Cortez Jones testified that he and William Mathis stole a truck in Mississippi on October 23, 2008. Upon discovering that the truck did not contain anything of value, Cortez called his cousin [Petitioner], who had previously told him that he needed a stolen vehicle.

Cortez took the stolen truck to his mother’s home in Memphis. Shortly thereafter, [Petitioner], Alvin Walker, and Derrick Anderson arrived at the house in [Petitioner’s] Dodge Intrepid. [Petitioner] offered Cortez and Mathis drugs in exchange for the truck. Then Cortez called his friend, the victim, and told the victim that he had the money he owed him. At the conclusion of the conversation, [Petitioner] asked Cortez what the victim was doing, and Cortez told him that the victim was at work. Cortez said that he knew that [Petitioner] and Walker had wanted to steal from the victim for a long time because the victim had drugs and money in his home. Cortez said he had tried to warn the victim about [Petitioner] on a prior occasion. When [Petitioner], Walker, and Anderson heard that the victim was at work, they decided to burglarize the victim’s home. Cortez said that he refused to help them with the burglary because he viewed the victim as a father figure. Cortez said that he did not warn the victim about the impending burglary that particular day because the victim was at work.

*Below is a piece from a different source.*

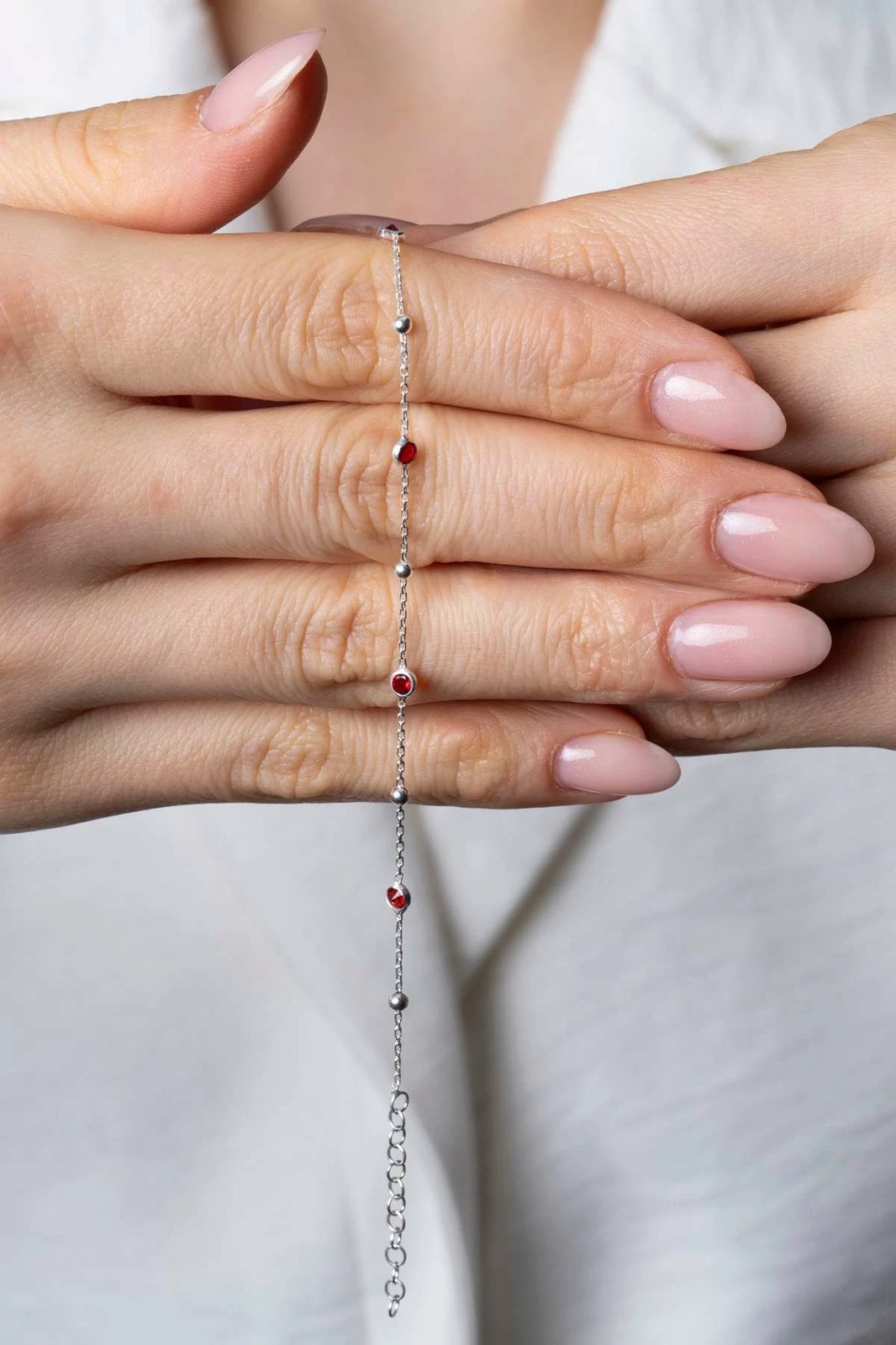 Byzylyk argjendi me gurë të kuq Jumeon, TFNY65232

2 Because Petitioner and two trial witnesses share the last name “Jones,” the Court will refer to the witnesses by their first names, when necessary, to avoid confusion. Walker and Anderson drove to the victim’s house in the stolen truck, and [Petitioner] followed them in his Dodge Intrepid. Cortez said he knew that [Petitioner] usually carried a Tech Nine, an automatic weapon. [Cortez] also observed Walker carrying a .38 revolver the day of the offense.

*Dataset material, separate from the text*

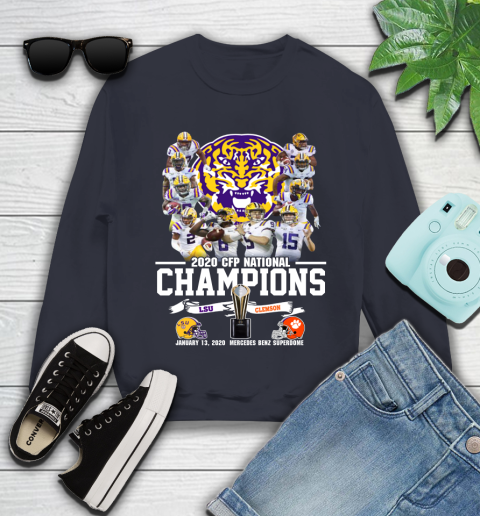 LSU Tigers 2020 Cfp National Champions Shirt 107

Shortly after 3:00 p.m., Cortez received a call from [Petitioner] from an unfamiliar number. [Petitioner] informed Cortez that he had been shot in a gun fight and needed help. [Petitioner] told Cortez, “Man, that n[–––––] was at home—he was at home, Cuz [sic]. He shot [Walker], and I had to reach around [Walker] and shoot on him.” Cortez said he was unable to help [Petitioner] and discovered that night that the victim had died in the gun fight. Cortez later identified [Petitioner], Walker, and Mathis from photo lineups. Cortez said he confessed to stealing the truck at the time that he told the police about [Petitioner’s] involvement in the victim’s death. [Cortez] said that the State had not given him an agreement regarding his theft case in exchange for testifying against [Petitioner]. [Cortez] also said he had already served some time in prison for stealing the truck and was currently on parole for that offense.

On cross-examination, Cortez admitted that he knew [Petitioner] would want to know whether the victim was home the day of the offense. [Cortez] also admitted that he did not warn the victim about the impending burglary.